What the task requires: Output only the stretch of the listing that starts at the line containing "Pharaoh® Tactical Apparel" and ends at the line containing "Thợ Rèn Huyền", reproduced exactly with both ends.

===== Task input =====

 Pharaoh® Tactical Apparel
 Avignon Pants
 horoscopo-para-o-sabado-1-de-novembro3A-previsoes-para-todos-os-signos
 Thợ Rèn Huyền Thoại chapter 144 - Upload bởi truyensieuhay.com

=====
===== Task input =====

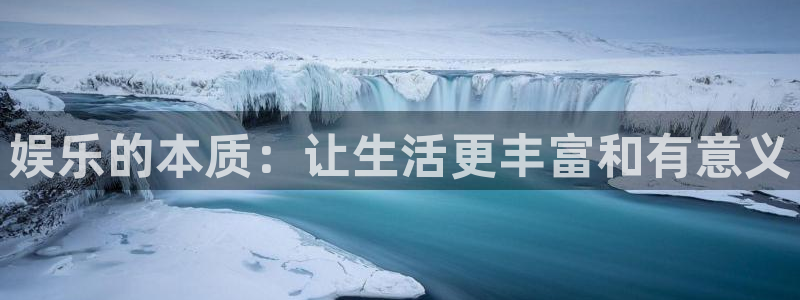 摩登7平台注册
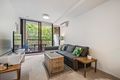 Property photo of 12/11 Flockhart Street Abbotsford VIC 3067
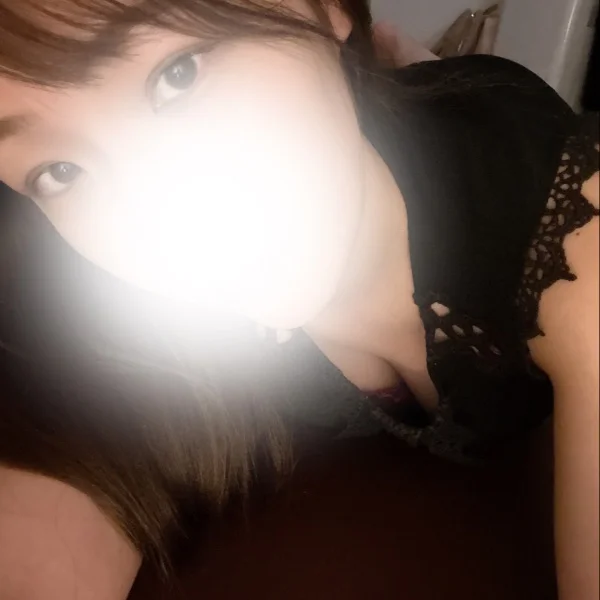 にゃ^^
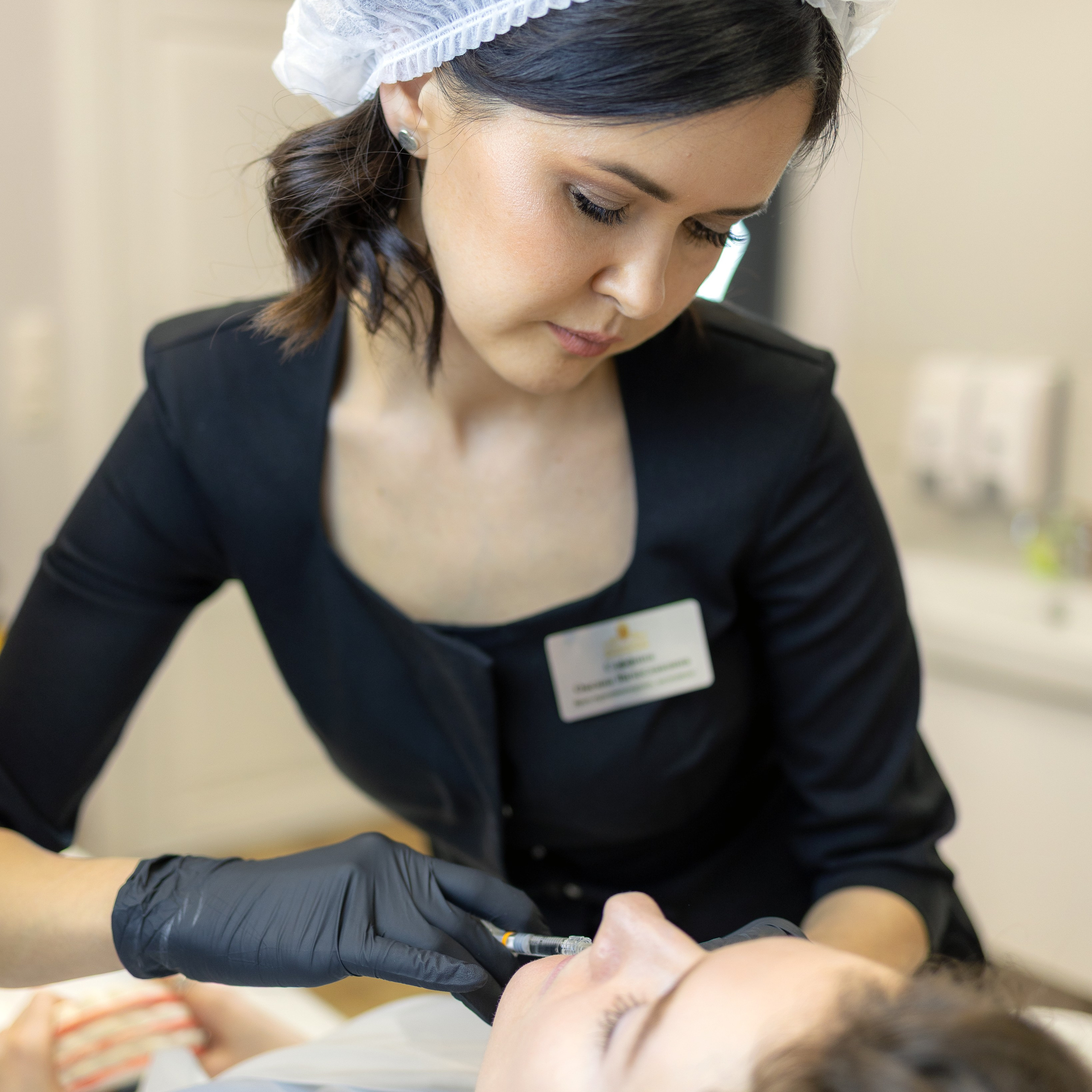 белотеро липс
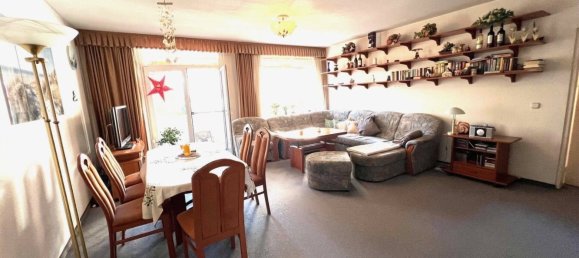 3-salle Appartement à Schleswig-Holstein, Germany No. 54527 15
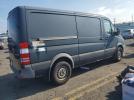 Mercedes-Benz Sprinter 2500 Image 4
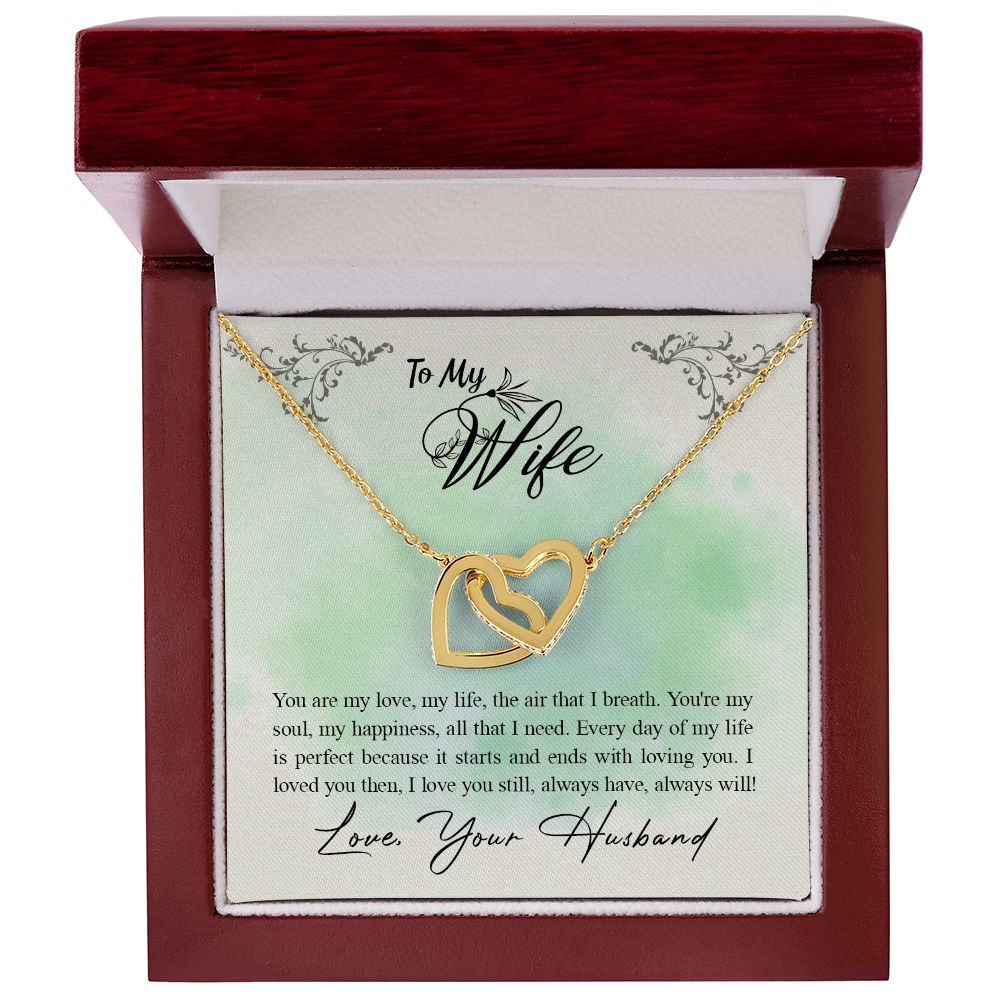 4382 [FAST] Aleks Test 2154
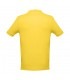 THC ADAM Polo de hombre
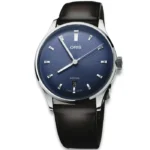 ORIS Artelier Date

=====

Exercise result:
 Pharaoh® Tactical Apparel
 Avignon Pants
 horoscopo-para-o-sabado-1-de-novembro3A-previsoes-para-todos-os-signos
 Thợ Rèn Huyền Thoại chapter 144 - Upload bởi truyensieuhay.com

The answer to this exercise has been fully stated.